At several points when he veered off script, it was difficult to determine whether Biden was intentionally avoiding a direct answer or was genuinely lost.

In response to the question from Bloomberg’s Justin Sink about gun control, he instead rambled for several minutes about infrastructure.

He suggested that he would rebuild the nation’s roadways three feet higher to adjust for the inevitable flooding due to climate change, and that he would employ jobless miners and oil workers capping methane wells.

Biden said he formally plans to announce his infrastructure overhaul on Friday in Pittsburgh.

Many of the questions appeared to have been pre-arranged from a list of friendly left-wing journalists.

Notorious “woke” reporter Yamiche Alcindor thew softballs about whether immigrants were coming because Biden was “a moral decent man” and whether he would support ending the filibuster because of contrarian Republicans in the evenly divided Senate refusing to play ball with his radical agenda.

Biden seemed cautious to try to avoid pitfalls of acknowledging that there was, indeed, a “crisis” at the border, which his administration has formally denied in previous statements.

“I guess I should be flattered people are coming because I’m a nice guy,” he replied to the loaded, falsely framed query.

“… But the truth of the matter is, nothing has changed,” he continued. “It happens every single solitary year.
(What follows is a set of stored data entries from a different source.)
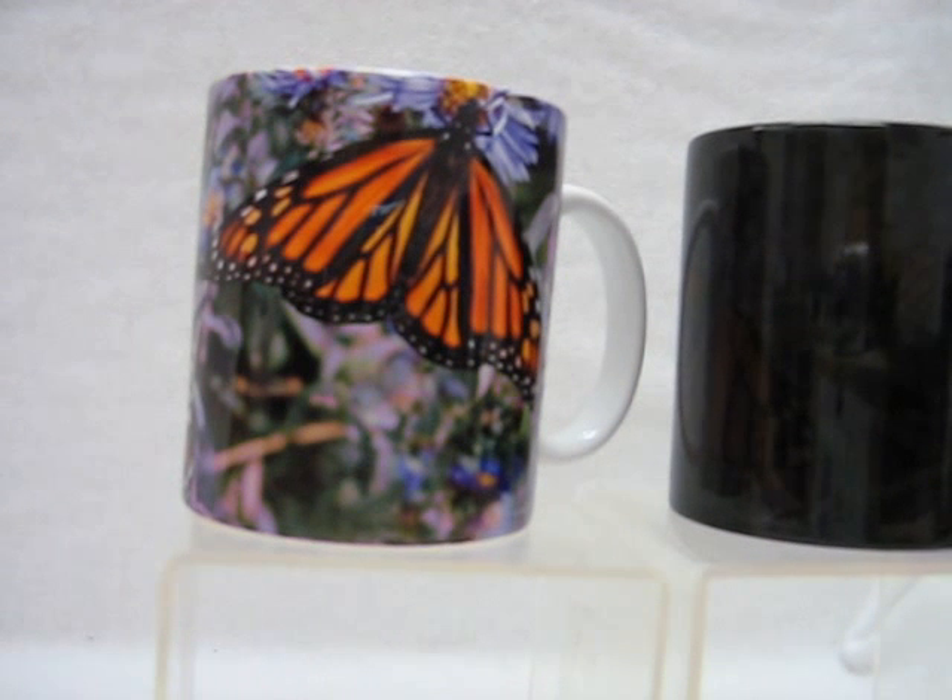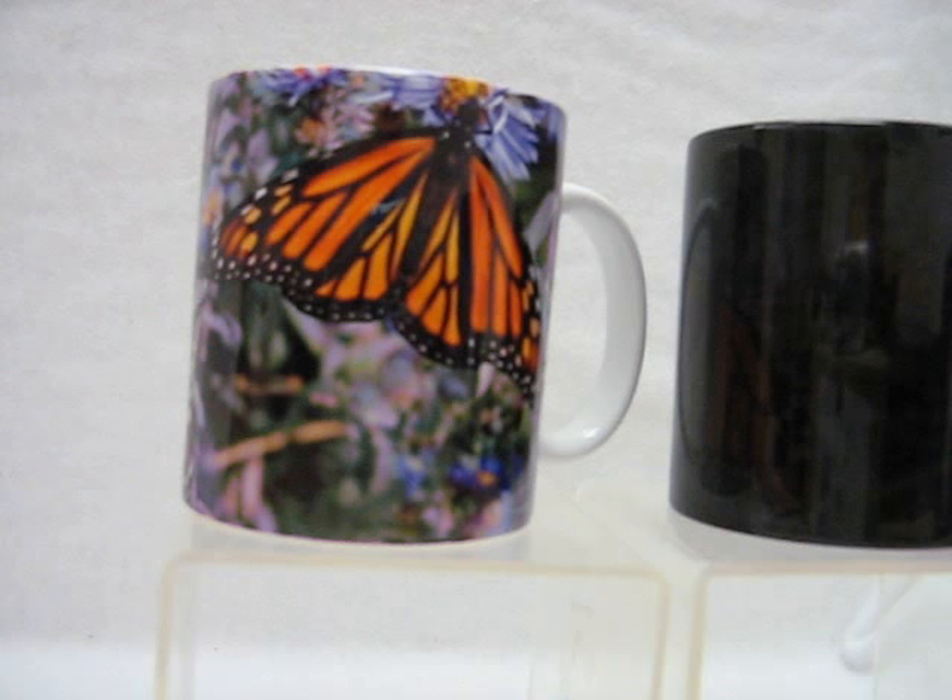Do you love the beauty of monarch butterflies? Something that's just captivating to watch every day when you can see them. Here's something that you can have so that you can enjoy the beauty of these magnificent butterflies every day. When you wake up in the morning and have a cup of tea or coffee, brighten your day by watching these beautiful butterflies every single day. These are coffee mugs,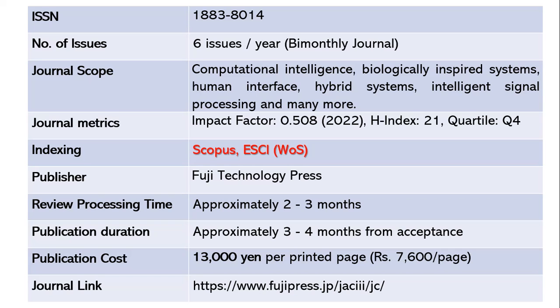Review takes around two to three months, and after acceptance, another three to four months to publish. This is not a free publication — it costs around 13,000 yen, which comes to approximately 7,600 Indian rupees per page. The journal link is given below.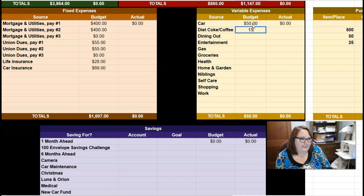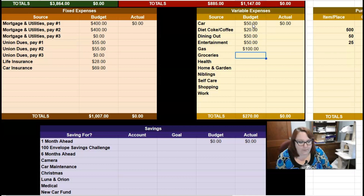For Diet Coke or coffee I'm going to give myself $20. Dining out we're going to go with $50, and $50 for entertainment. For gas, we're going to go with $100 — my husband has been helping me out with that. For groceries I'm going to say $200. My husband usually covers the cost of groceries since he makes more money, but sometimes I pay too, so we'll say $200 and see how it goes. We might have to adjust up or down next month.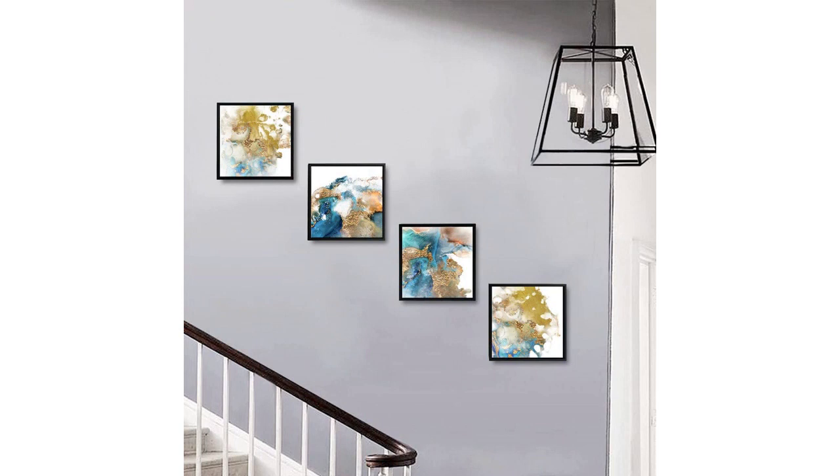The colors of the painting also work well with the overall theme of my home office. The combination of turquoise and gold adds a pop of color and liveliness to the otherwise neutral tones of the room. It brings a sense of energy and creativity, which is exactly what I need while working. The packaging was excellent and the product arrived in perfect condition. It was easy to hang on the wall thanks to the included hardware.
There is a significant increase of people coming to the border in the winter months.”

There is no hard evidence to support that claim, with most immigration experts believing that the warmer seasons are a large driver of immigration.

Defending the overcrowding of children in cage-like detention facilities, Biden dispelled the frequent left-wing talking point that suggested many were young children, noting that most were older teenage boys.

“I realize it’s much more heart-wrenching—and it is—to deal with a 6 or 7 year old,” he said.

But “the idea that we have tens of thousands of kids in these god-awful facilities that are little babies” was inaccurate, he said.

However, he conceded that there were some unaccompanied infants “crying all night” in his detention centers.

Two reporters—ABC News’s Cecelia Vega and Univision’s Janet Rodriguez—called him out on his claim that the problem was already being addressed in earnest by US Customs and Border Patrol—an agency for which Biden has yet to formally name a commissioner.

The journalists said that they had personally been to the border, interviewed young children and attempted to reach their parents using the information recorded on wrist-bands that they arrived with.

Biden acknowledged that many of those wrist-bands could be traced back to coyotes.

In a moment that bore strong echoes to Trump’s defense of detention centers, he said the process of trying to safely reunite children and parents was time consuming since they were obliged to use techniques like DNA tests and birth certificates for confirmation.

“There has to be some certitude that this is actually mom, dad, or whatever,” he said. “And there’s ways to do that: ‘What was your dog’s name?'”

Biden also indicated that children whose parents could be traced might increase their chances of being deported, including a 9-year-old Honduran boy who had made the trek by foot with only one young companion.

“The judgment has to be made whether or not … there’s an overwhelming reason why he’d be put in a plane and sent back to his mom,” Biden said.